Nate Cross, a senior nonfiction writing major and the band’s frontman, expressed a distaste for “run-of-the-mill pop rock.”

“Usually, if something we’re working with kind of sounds strange or off-time or something along those lines, we’ll end up making it a song,” Cross said. “Our inspiration really doesn’t come from anywhere else other than asking ourselves how weird [we can] be compared to other rock bands.”

Cross and the band’s other members — his brother Justin Cross on second guitar, Nick Chesko on bass and Gareth Blyth on drums — played in assorted cover bands in high school, eventually leaving those groups behind for college.

As he worked on songs in his spare time, Cross felt it was time to get a new band together.

One by one, Cross found his crew, and the Blondes jammed in his parents’ garage until they hit on a substantial sound.

“After a while we realized we had some material,” Cross said. “We really liked everything we came up with, and we love playing together, so we decided it was time to become a real band.”
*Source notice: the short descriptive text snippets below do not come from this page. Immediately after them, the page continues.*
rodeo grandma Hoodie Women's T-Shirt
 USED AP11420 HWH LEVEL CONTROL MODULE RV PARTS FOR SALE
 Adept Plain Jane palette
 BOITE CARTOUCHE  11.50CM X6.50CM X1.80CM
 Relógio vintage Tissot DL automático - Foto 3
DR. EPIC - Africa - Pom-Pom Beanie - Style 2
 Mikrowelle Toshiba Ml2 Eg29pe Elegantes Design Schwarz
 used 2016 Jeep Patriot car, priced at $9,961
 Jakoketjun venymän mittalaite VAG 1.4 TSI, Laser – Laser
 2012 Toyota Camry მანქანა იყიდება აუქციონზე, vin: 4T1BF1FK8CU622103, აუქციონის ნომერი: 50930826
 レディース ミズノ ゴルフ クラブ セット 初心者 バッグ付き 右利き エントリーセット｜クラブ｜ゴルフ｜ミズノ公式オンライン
In the second semester, the Ugly Blondes won the Winter X Showcase at Pittsburgh’s Hard Rock Cafe. The band has since released new songs and done a takeover of a local radio station.

Cross said he isn’t exactly reaching for the sky — Pittsburgh suits the band just fine for now.

“All I can really hope for right now is just to keep pushing, play a bunch of shows anywhere and anytime we can, keep putting out material and hope people like it. If they don’t, that’s okay too,” Cross said. “We’re not in too much of a rush. Playing in Pittsburgh has been a lot of fun.”

Listen to The Ugly Blondes’ new album when it comes out on Bandcamp and Facebook, and check them out at the Layer Cake and Deutschtown music festivals this summer.

Musicians at Pitt sometimes want to go it alone, which is what senior communications major Allegra Eidinger did when she began what she calls her queer solo project, AllegrA, in 2013.

“It’s inspired by a variety [of] female artists such as Waxahatchee, Cayetana, Girlpool, Kississippi and Alabama Shakes,” Eidinger said. “My music is wide-ranging and ever-evolving — it’s difficult to pinpoint any particular source of inspiration.”

AllegrA’s contralto, a low singing register for females, and honest vocals find a home somewhere in the neighborhood of Laura Stevenson’s raw lyricism and the throaty introspection of Beach House’s Victoria Legend. 

While she works on her developing sound, Eidinger also plays bass for the indie rock band Yes Yes A Thousand Times Yes, which she called “a blend of David Bowie, Tera Melos and Death Cab [for Cutie].”

The end-product is a collection of pure basement jams. The band’s lengthy name —a line from the movie adaptation of Jane Austen’s “Pride and Prejudice” — is sometimes abbreviated as YY1KXY.

Eidinger has found benefits of both projects, developing her own style and learning to meld it with a group’s collective vision.

“Being a part of Yes Yes A Thousand Times Yes has been a serious lesson in working towards solid collective sound,” she said. “With my music, it’s especially rewarding to work organically on my own sound and to feel like I’ve clearly captured my emotions through it.”

Eidinger has a lot to look forward to musically — YY1KXY is leaving Pittsburgh for a two-week tour along the east coast to promote its newest LP “Not Once, Not Never.”

While the band tours and plans for another LP later in the summer, Eidinger’s considering another foray into the music industry.

“My hope for the future is to put an all-female band together to play my songs,” she said. “It may already be in the works.”